В Москве было холодно, подмораживало. Шел снег. Вообще-то в морозы снег, как правило, идет редко, но в белокаменной шел – довольно густой, тяжелый, словно бы пропитанный свинцом, совсем не похожий на мягкую тающую вату, падающую из облаков в осеннюю ноябрьскую пору, рождающую у народа праздничное настроение… Сейчас этого не было и не должно быть – ведь к Москве рвутся немцы. Некоторые верные солдаты фюрера считают, что если не сегодня, то завтра они обязательно будут рассматривать в бинокли Спасскую башню, о чем Геббельс уже начал трезвонить в своих газетах. Шустрый мужичонка этот хорошо знает, что язык без костей, им можно молотить что угодно… и сколько угодно.

Под Москвой уже трещали такие морозы, что воробьи, как пингвины, зарывались в снег, чтобы согреться. По таким холодам неплохо бы тулупчик иметь, тогда трескотун точно не достанет.

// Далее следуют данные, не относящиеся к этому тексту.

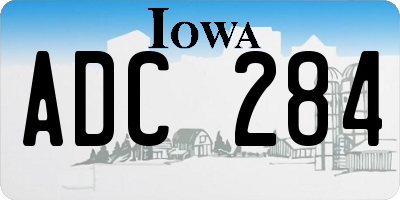 IA license plate ADC284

Но тулупчика у Косякова не было, приходилось довольствоваться шинелью.

На фронтовом юге погода держалась довольно теплая, случались дни, когда днем доходило до плюс пятнадцати, и тогда накинутая на плечи шинель выглядела лишней, не говоря уже о том, чтобы застегнуть ее на все пуговицы, как это положено у кадровых военных…

В общем, велика страна родная, есть у нее земли и очень холодные и очень теплые – всякие, словом; налицо набор климатов от африканского до антарктического, даже за границу не надо ездить, чтобы почувствовать себя в каком-нибудь Занзибаре… Или, напротив, в обледеневшей Гренландии.

Впрочем, за границей Косяков никогда не был и об этом даже не думал – не его это стезя, интереса к заграничным прелестям у него нет никакого, и вряд ли он когда появится.

 Станция по-прежнему была безлюдной, словно бы народ в округе вымер совсем – попали люди под бомбежку и сгорели вместе со станционными бараками; даже ворон, которые обычно стараются держаться около людей и при всяком удобном случае обживают местные деревья, и тех не было.

Но и от войны вороны, как правило, далеко не улетают, ведь война кормит их, наверняка они поступили так же и на этой станции, выбрали себе местечко побезопаснее, обустроили его на свой вороний лад, теперь сидят там, каркают, военную ситуацию обсуждают, анализируют фронтовые сводки, прикидывают, какой же фортель выкинут фрицы, ведущие круговое наступление на советскую столицу. Воробьев, этих крикливых спутников человеческого общества, тоже не было видно.

От пустынности этой всеобщей делалось как-то неуютно. Косяков пошевелил плечами и, отойдя в сторону, уселся на обугленный пень, у которого какой-то заботливый умелец подровнял макушку и топором соскреб черную обгорелую кору. Получилась вполне приличная сидушка, как бывалые рыбаки называют складные стульчики, которые берут с собой на водоем, чтобы не сидеть на сырой земле… Эта разбитая станция была пустой, наверное, потому, что железнодорожное начальство решило отвести с нее все мало-мальски ценные составы в тупик, замаскировало их основательно, а станцию обнажило специально… Здешний комендант, надо полагать, чувствует себя, как голенький на снегу.

Налет одной, всего лишь одной эскадрильи «юнкерсов» швырнет к облакам остатки того, что тут еще уцелело, в том числе и зеленую полянку, и горелые остовы двух бараков, и помещение, сколоченное из разной автомобильной рухляди под комендатуру. Честно говоря, настороженного старлея – старшего воинского начальника среди железнодорожных рельсов Косякову было жалко.

Он просидел, почти не двигаясь, часа полтора, не меньше, размышляя о войне, о жизни, о своей покойной матери, с которой так и не сумел проститься, о родной эскадрилье, где самолеты ходят на штурмовку, почти касаясь крыльями друг друга; он словно бы потерял счет времени и очнулся, лишь когда услышал далекий, придавленный расстоянием гудок паровоза.

Он поднялся, поправил на себе шинель, собравшуюся под ремнем в складки, закинул за плечо вещмешок и торопливо зашагал в избушку на курьих ножках, – административную будку, в которой сидел комендант.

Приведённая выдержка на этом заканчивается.